Em breve falaremos da quantidade desses recursos, mas antes vamos abordar a qualidade do conceito segundo o qual cabe à população sustentar de modo integral entidades de direito privado (os partidos) que em tese não teriam a prerrogativa de receber pedaços do Orçamento da União. Nacos nem gordos nem magros, embora gordíssimos, no caso.
Além do ato com aroma de grossa inconstitucionalidade, a vergonhosa cena é acrescida pelo fato de a tarefa sobre a destinação das verbas estar nas mãos dos principais beneficiários do resultado.
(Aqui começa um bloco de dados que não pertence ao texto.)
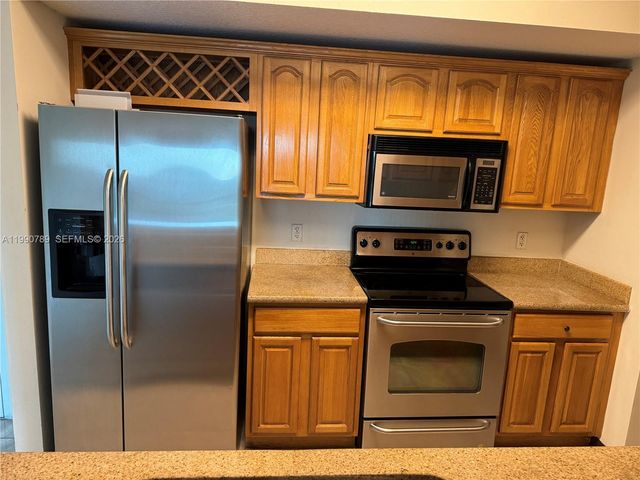 4242 NW 2nd St 1407, Miami, FL 33126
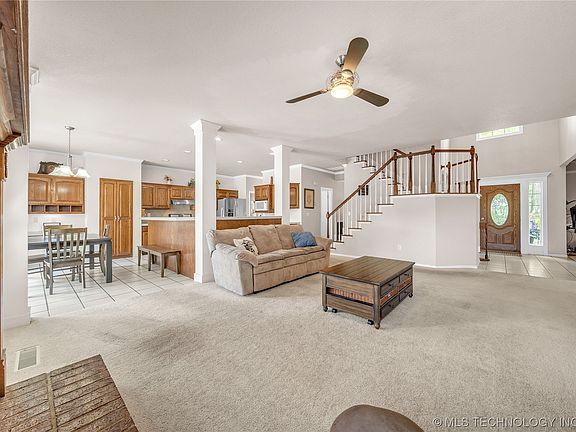 4th image of 7652 S Kingston Pl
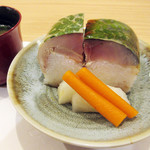 阿波座 なが友 - 7.飯物:鯖寿司 山牛蒡と漬物/味噌汁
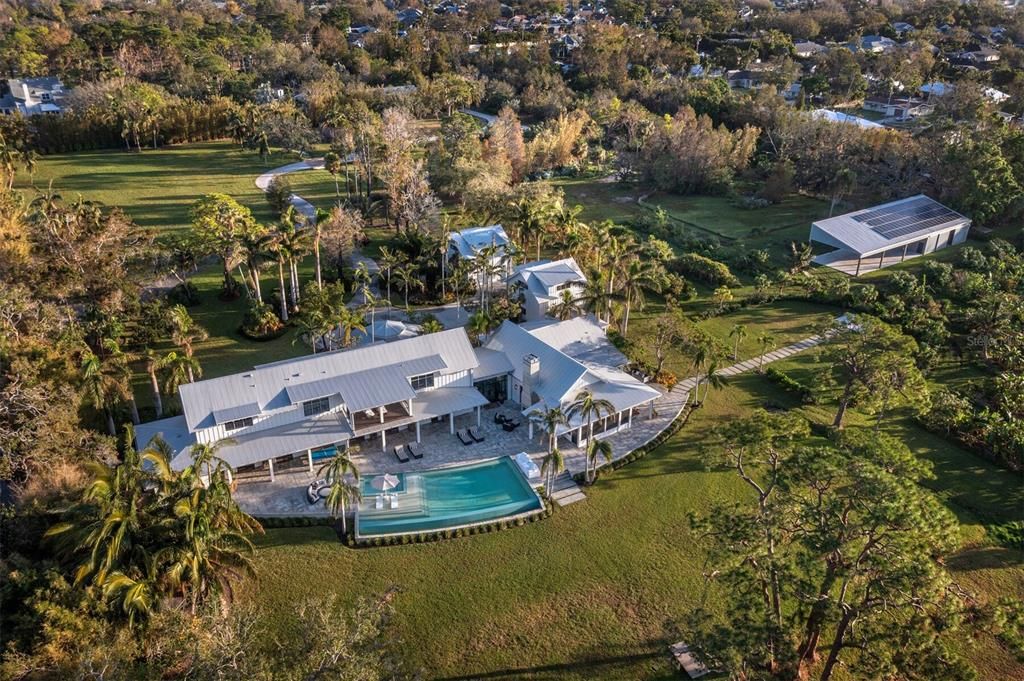 $16.5 Million Luxurious 12.5-Acre Waterfront Estate with Boutique Hotel Potential in Bradenton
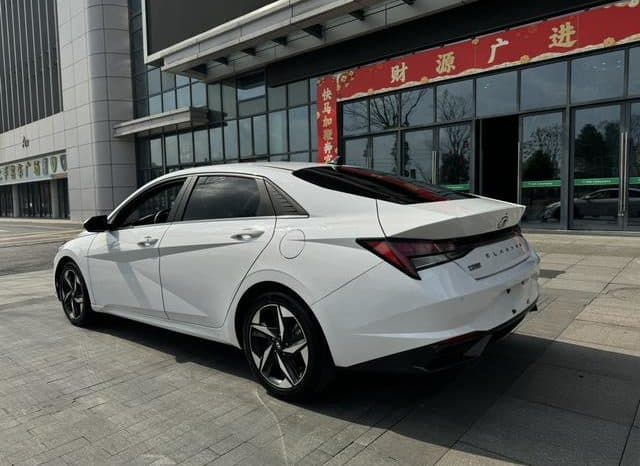 
								Hyundai Elantra (VII), 2021 full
Se isso não configura grave conflito de interesses, difícil encontrar outra situação em que tal atrito entre vantagens e desvantagens poderia ser aplicado com tanta clareza.
Enquanto
suas altezas continuarem sendo as responsáveis por determinar quanto dos
recursos oriundos dos impostos de todos deve ser carreado para engordar os
cofres dos partidos, nem o céu será o limite ante a sanha da apropriação
indevida de verbas do Tesouro.
Vejamos,
para demonstrar, a evolução da farra desde 2015, quando o Supremo Tribunal
Federal proibiu o financiamento empresarial para campanhas, decisão desde então
usada como pretexto para esse assalto aos recursos públicos.
No
ano anterior, 2014, as empresas haviam dado 3 bilhões de reais aos partidos,
que com isso cobriram 70% de suas despesas.
Em
2018, primeiro pleito sob a nova regra, o então recentemente criado Fundo Eleitoral
deu 1,7 bilhão de reais aos partidos. Na eleição seguinte, municipal, dois anos
depois, a verba subiu para 2,035 bilhões de reais. Uma enormidade,
considerando-se que partido algum está obrigado a participar de eleições e quem
quiser fazê-lo deveria procurar as próprias formas de viabilizar o propósito,
obviamente dentro da obediência aos parâmetros legais.
Pois
chegamos a 2022 na seguinte situação: 4,9 bilhões de reais já aprovados no
Fundo Eleitoral com o governo já pensando em ceder à reivindicação dos partidos
de 5,7 bilhões de reais. O Congresso certamente abraçará de bom grado a
proposta, que nos levaria às seguintes cifras: a esses 5,7 bilhões de reais
seriam acrescentados 972 milhões de reais do Fundo Partidário, mais 840 milhões
de reais (dado de 2014) decorrentes da renúncia fiscal às emissoras.
Numa
perspectiva conservadora, teríamos aí algo em torno de 7,5 bilhões de reais do
suado dinheirinho do brasileiro assolado pela carestia, pelo desemprego e pela
inflação destinados a financiar campanhas eleitorais. Isso num ambiente de
fraquíssima fiscalização e de constantes denúncias sobre o uso indevido de
verbas por parte dos partidos e de seus caciques.
Isso
é normal, aceitável? Não, não é. Atende de maneira republicana à necessidade de
financiar a democracia? Não, não atende. É malandragem, para não dizer
ilegalidade, pura. Afinal, o que houve entre a eleição presidencial de 2018 e a
de 2022 que justifique a multiplicação de verbas à velocidade praticamente
quíntupla levando em conta só o Fundo Eleitoral?
Nada
ocorreu, a não ser a leniência da sociedade diante do intimidador argumento de
que democracias precisam ser financiadas a fim de não sucumbirem a investidas
autoritárias. Uma bobagem, porque não é com dinheiro que se combatem tais
ofensivas, e sim com respostas institucionais fortes e consistentes.
Uma
delas poderia ser um movimento popular para tirar exclusivamente das mãos do
Congresso a tarefa de decidir quem parte e reparte, a fim de que os potenciais
beneficiários não fiquem sempre com a melhor parte.
Daria
certo, seria possível? Talvez. Difícil, porém, pois teria de ser algo que
transcendesse ao Parlamento, feito sem ferir os preceitos da legalidade. A
despeito das possibilidades, probabilidades e dificuldades, seria algo a ser
pensado tendo como alvo principal os direitos da sociedade, entre os quais não
se inclui pagar as contas dos partidos.
Notadamente
na ausência de contrapartidas aos contribuintes, que, ao pagamento das faturas
de campanha, mereceriam no mínimo receber do universo político um tratamento
melhor que os atuais (péssimos) serviços prestados.